Where the data below shows a picture, leave that picture out and copy the rest exactly.

- Source material
□ □ □

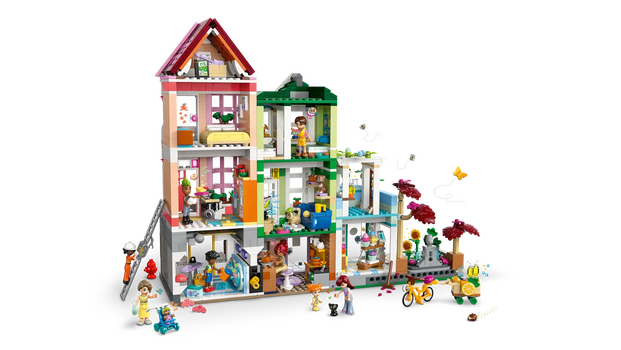 LEGO Friends 42670 Heartlake City Apartments and Stores, 8 image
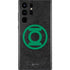 DC Comics Green Lantern Logo Black Background Galaxy S22 Ultra Skin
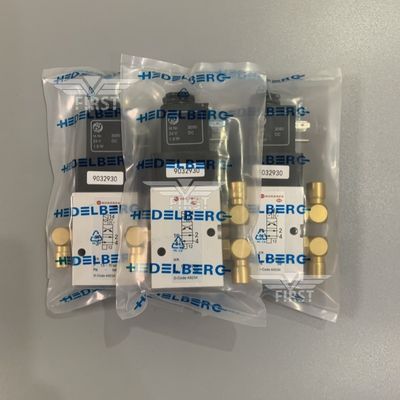 С9.184.1051 Части печати Силиндровый большой клапан Соленоидный клапан для печатных машин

□ □ □

- Exercise output
 LEGO Friends 42670 Heartlake City Apartments and Stores, 8 image
 DC Comics Green Lantern Logo Black Background Galaxy S22 Ultra Skin
 С9.184.1051 Части печати Силиндровый большой клапан Соленоидный клапан для печатных машин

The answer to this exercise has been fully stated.